News: Review coding, documentation guidelines for latest RAC target-neoplasms
September 2, 2010
CDI Strategies - Volume 4, Issue 18
Confusing coding guidelines and insufficient documentation have made neoplasms a target area as HealthDataInsights—the RAC for Region D—recently said it will take a closer look at MS-DRGs 837–948.
“…[T]here are opportunities for error within this subset of MS-DRGs,” says Paul Evans, RHIA, CCS, CCS-P, data quality coordinator at California Pacific Medical Center in San Francisco.
Coders and CDI specialists should join forces to educate physicians about what constitutes thorough documentation, says Jane E. Werner, RHIT, CCS, vice president of compliance and healthcare classification services at First Class Solutions, Inc., in Maryland Heights, MO.
Physician documentation of neoplasms can vary greatly, making the coder’s job difficult, says Werner. For example, consider the following two excerpts, the second of which requires a query for clarification, and use them to educate physicians:
- “The patient has a history of breast cancer with mastectomy in 2003. Chemotherapy completed for breast cancer with current metastasis to brain and liver.”
- “Patient has metastatic breast cancer.”
When reading physician documentation, ask these important questions to help determine the principal diagnosis:
- Is the primary cancer present or has it been eradicated?
- If eradicated, don’t report it as an active cancer. Instead, report a personal history V code.
- Is treatment directed toward a primary or secondary site?
- When treatment is directed at the malignancy, designate the malignancy as the principal diagnosis. The only exception to this is code V58.1x. When a patient is admitted due to a primary neoplasm with metastasis, and receives treatment directed toward a secondary site only, designate the secondary neoplasm as the principal diagnosis.

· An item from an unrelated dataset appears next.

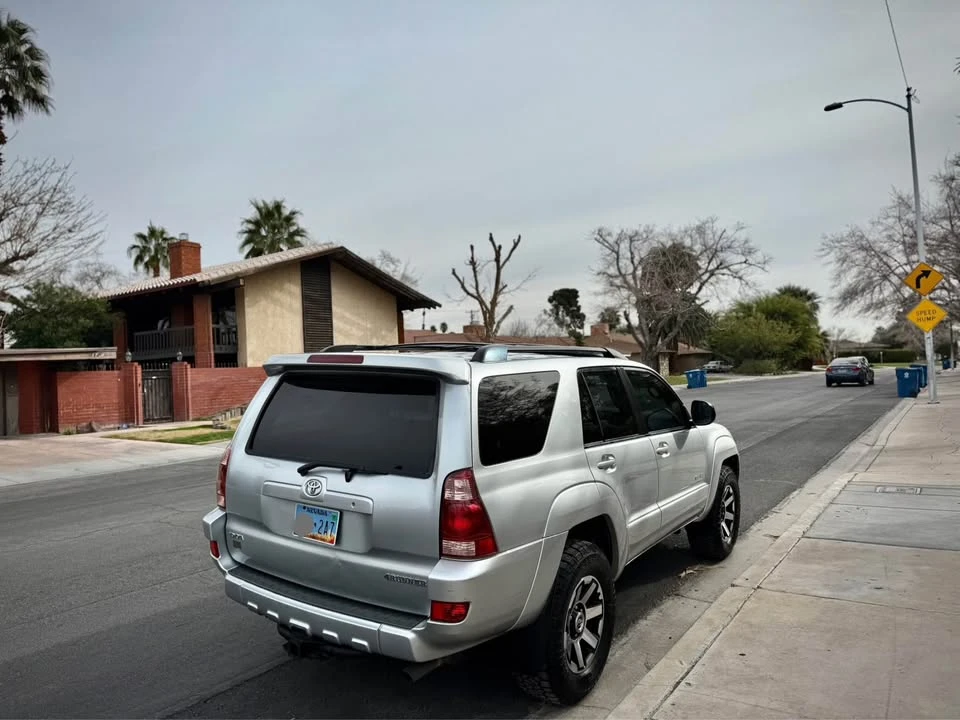 2004 Toyota 4Runner 4th Gen - Image 17 of 19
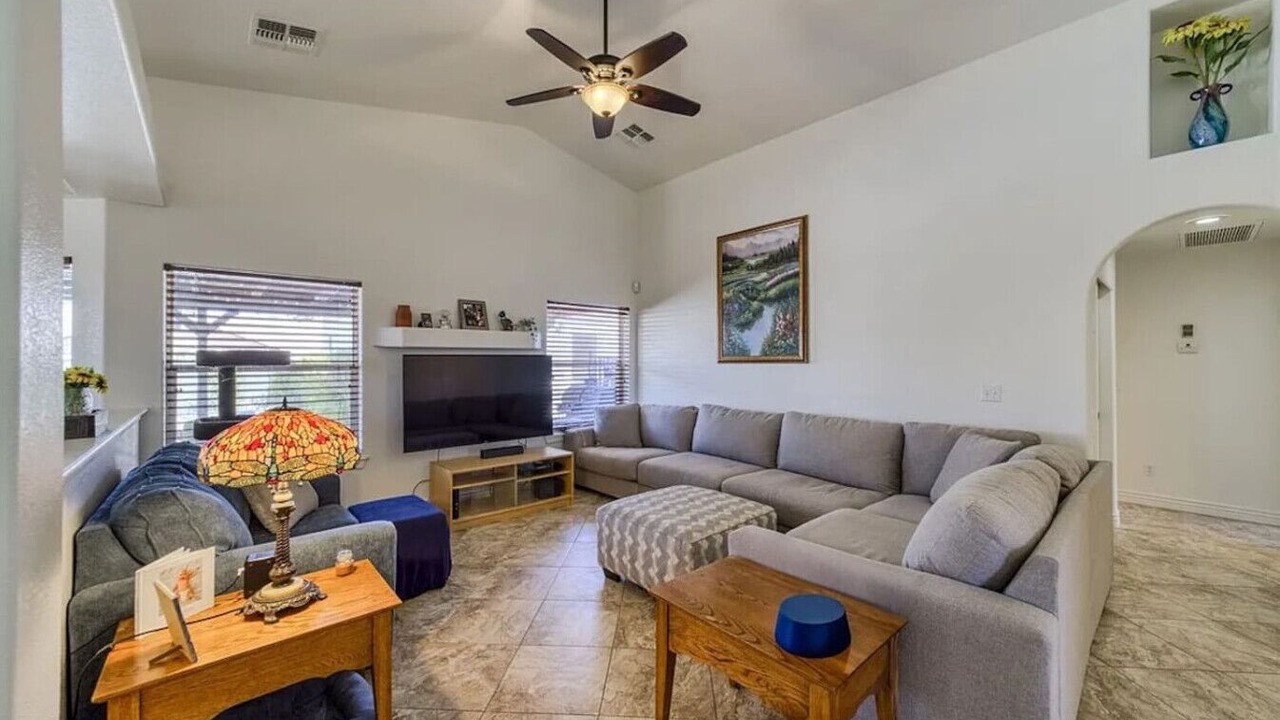 Photo of Livingroom in Fort Mohave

- Are there any other conditions that may have warranted admission?
- If a patient with a known cancer is admitted and treated only for anemia, the anemia is the principal diagnosis. Refer to Coding Clinic, first quarter 1991, which includes a related scenario.
- Is the patient admitted for dehydration due to the malignancy?

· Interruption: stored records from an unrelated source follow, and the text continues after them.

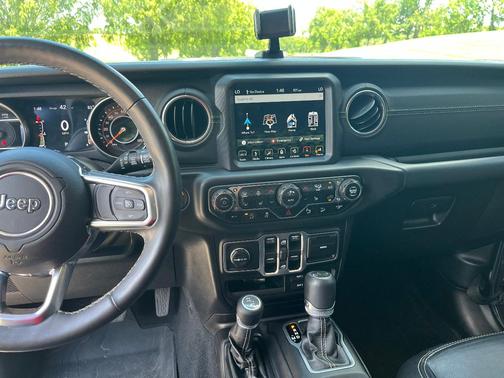 Gray 2018 Jeep Wrangler Unlimited Sahara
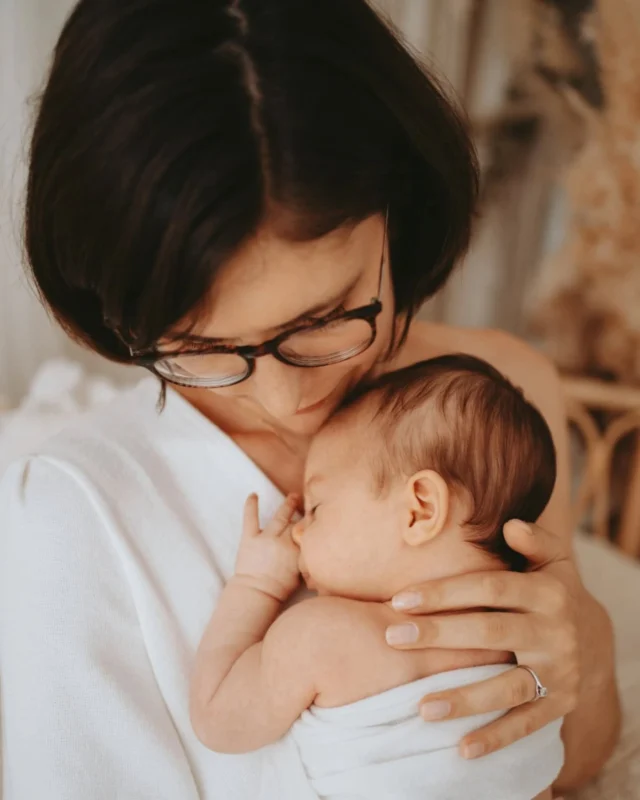 Aucune de vos photos n'est partagée sans votre accord. Votre confiance est essentielle, et je respecte entièrement vos choix quels qu'ils soient. Vous restez toujours libres de choisir ce que vous acceptez ou non de montrer. 

Comme beaucoup de parents me découvrent grâce aux images que je publie ici ou sur mon site web, partager quelques photos (avec votre accord) me permet de continuer à faire connaître mon travail et inspirer d'autres familles à m'accorder leur confiance.

Merci à tous les parents qui me cèdent ce droit. Je mesure le cadeau que vous me faites. C'est très précieux à faire vivre cette belle aventure photographique ❤️

*********** ⁠
Photographe spécialisée Nouveau-né - Grossesse - Bébés - Enfants - Famille
⭐️⭐️⭐️⭐️⭐️⭐️⭐️⭐️⭐️⭐️⭐️⭐️⭐️⭐️⭐️⭐️⭐️
📷 Studio situé à en périphérie de Paris à Sucy en Brie - Val de Marne

Infos et tarifs dans ma bio 👆🏻
⁠
**************************************************

#photographebebe #respectvieprivee #photographiedeconfiance #souvenirsprécieux #parentalité #photographepro #photobebe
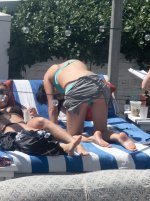 Selena-Gomez-Feet-801349.jpg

- When the admission is for management of dehydration due to the malignancy or the therapy (or both)—and the patient only receives treatment for the dehydration—sequence the dehydration first followed by the code(s) for the malignancy. Be sure to review Coding Clinic, second quarter 2005, pp. 9–10, which includes an important clarification of this guideline.
Editor’s Note: This article first appeared in the August edition of Briefings on Coding Compliance Strategies.